_GOAL OF THE EXERCISE:_ Using the material below, print a verbatim copy of every line from the one containing "NWT prAna Intrinsic" through the one containing "För Samsung Galaxy", inclusive, and omit the pictures.

_DATA SUPPLIED:_
────────────────────────────────────────

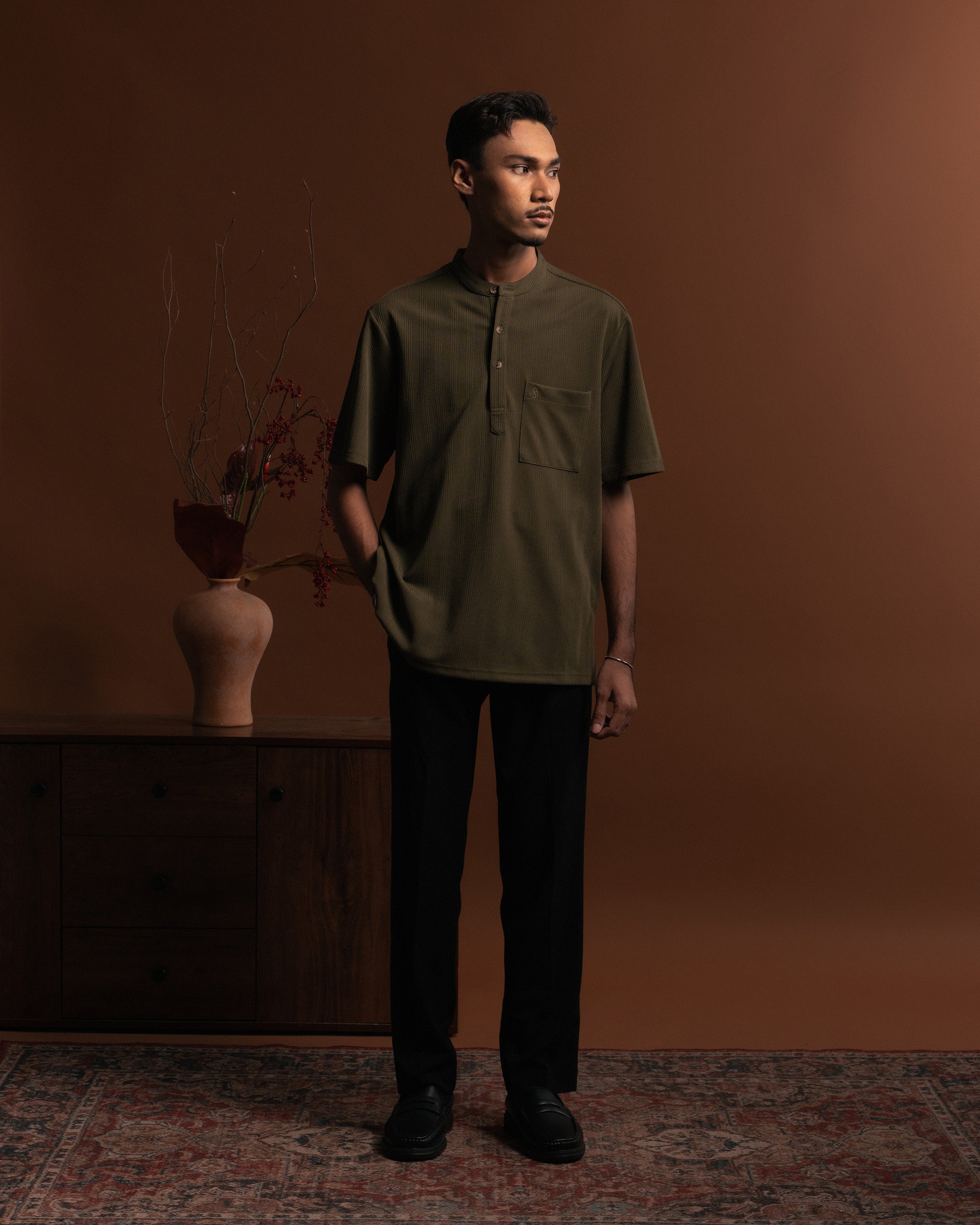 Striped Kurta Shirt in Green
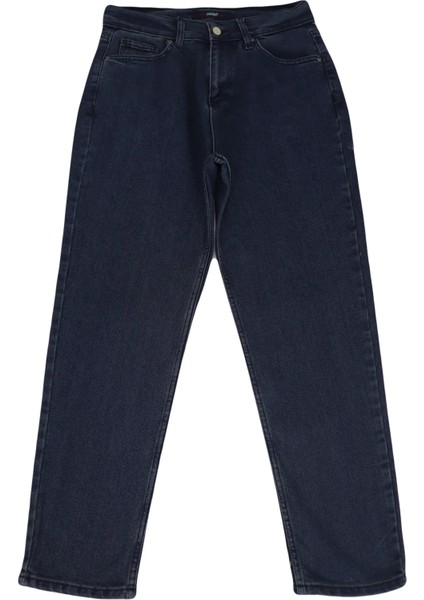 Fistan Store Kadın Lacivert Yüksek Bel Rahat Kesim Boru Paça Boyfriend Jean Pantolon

────────────────────────────────────────

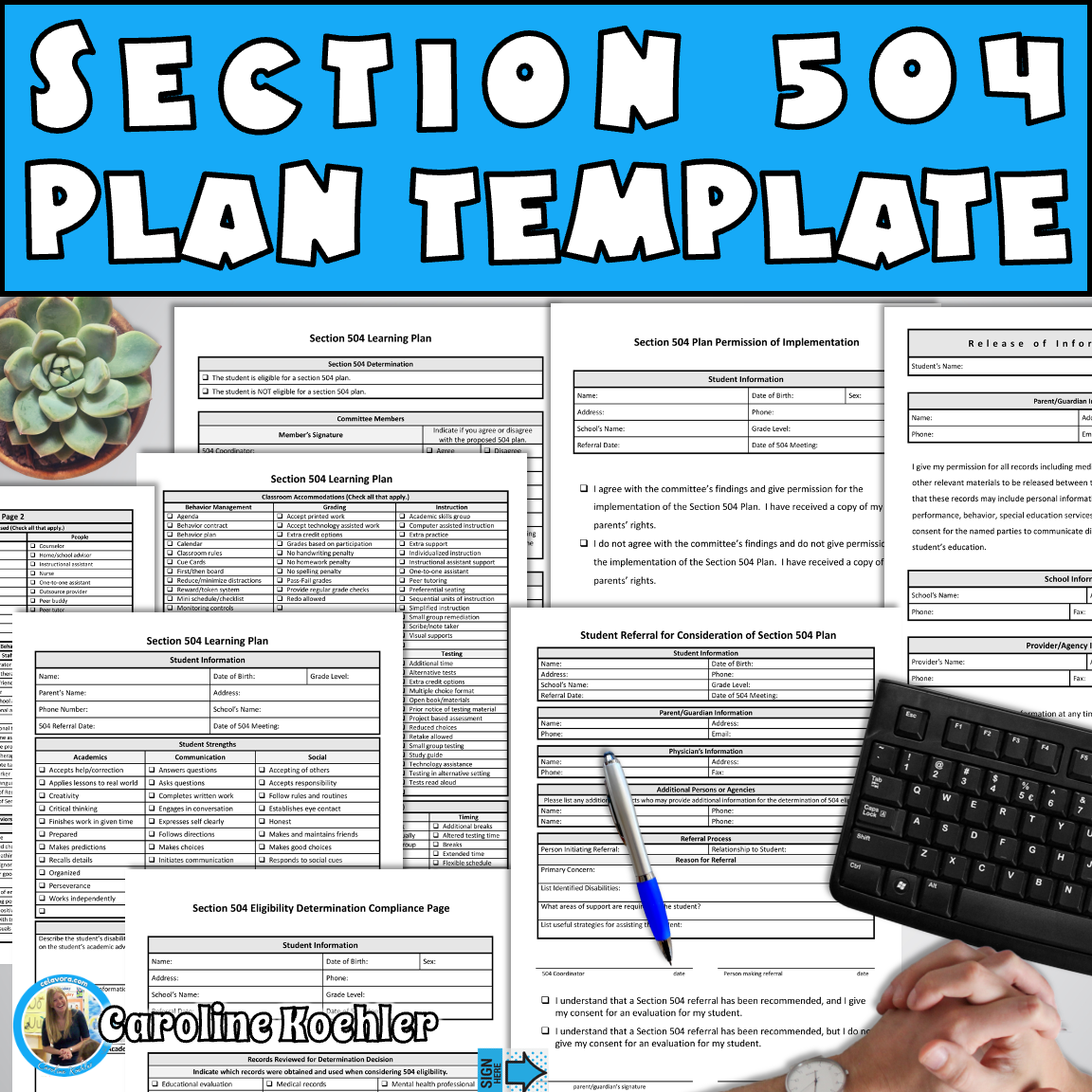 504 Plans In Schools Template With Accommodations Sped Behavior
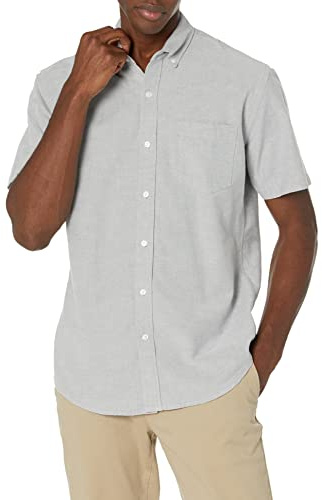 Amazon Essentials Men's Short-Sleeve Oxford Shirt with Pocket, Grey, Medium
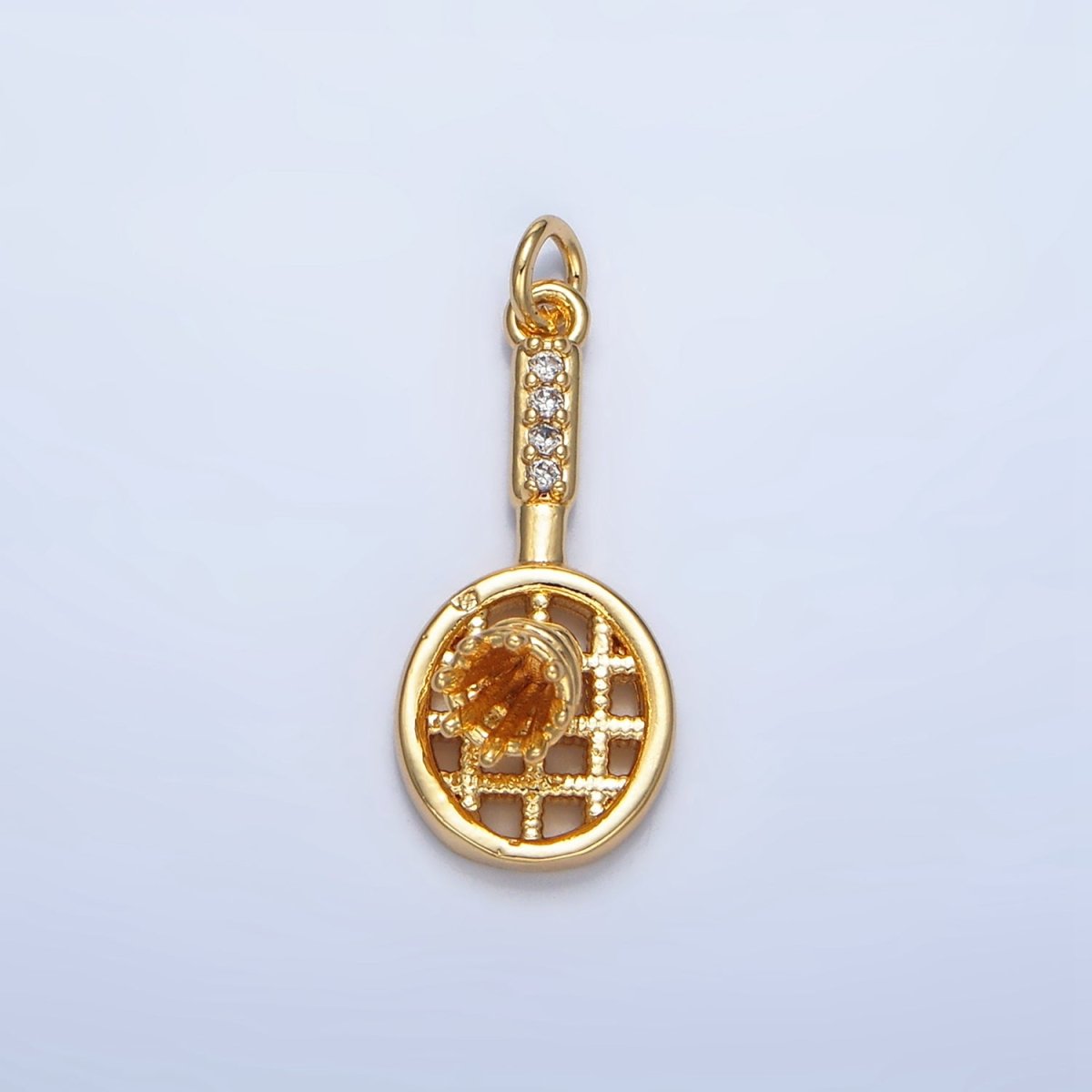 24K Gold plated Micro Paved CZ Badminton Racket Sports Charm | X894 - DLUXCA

────────────────────────────────────────

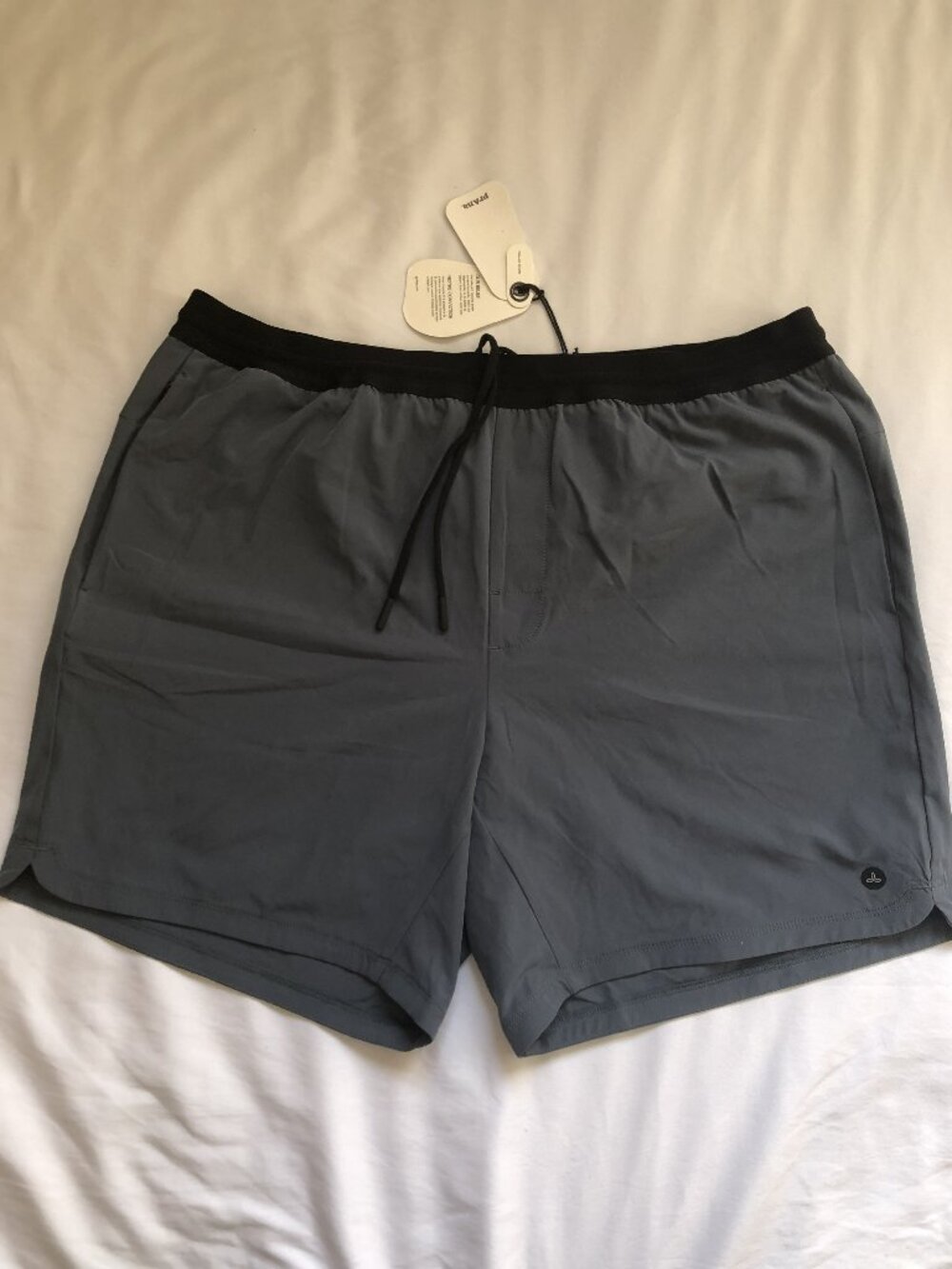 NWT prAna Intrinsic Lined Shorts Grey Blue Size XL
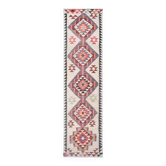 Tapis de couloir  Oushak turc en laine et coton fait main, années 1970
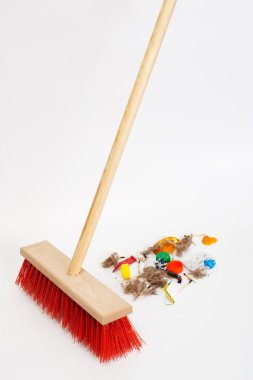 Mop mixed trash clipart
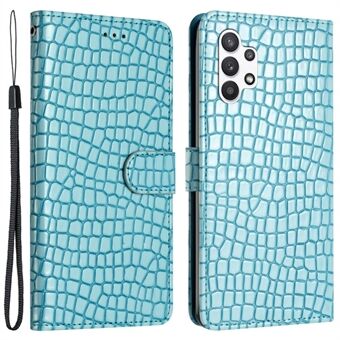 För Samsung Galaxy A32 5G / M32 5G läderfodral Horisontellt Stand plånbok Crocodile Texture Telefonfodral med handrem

────────────────────────────────────────

_ANSWER AREA:_
 NWT prAna Intrinsic Lined Shorts Grey Blue Size XL
 Tapis de couloir  Oushak turc en laine et coton fait main, années 1970
 Mop mixed trash clipart
 För Samsung Galaxy A32 5G / M32 5G läderfodral Horisontellt Stand plånbok Crocodile Texture Telefonfodral med handrem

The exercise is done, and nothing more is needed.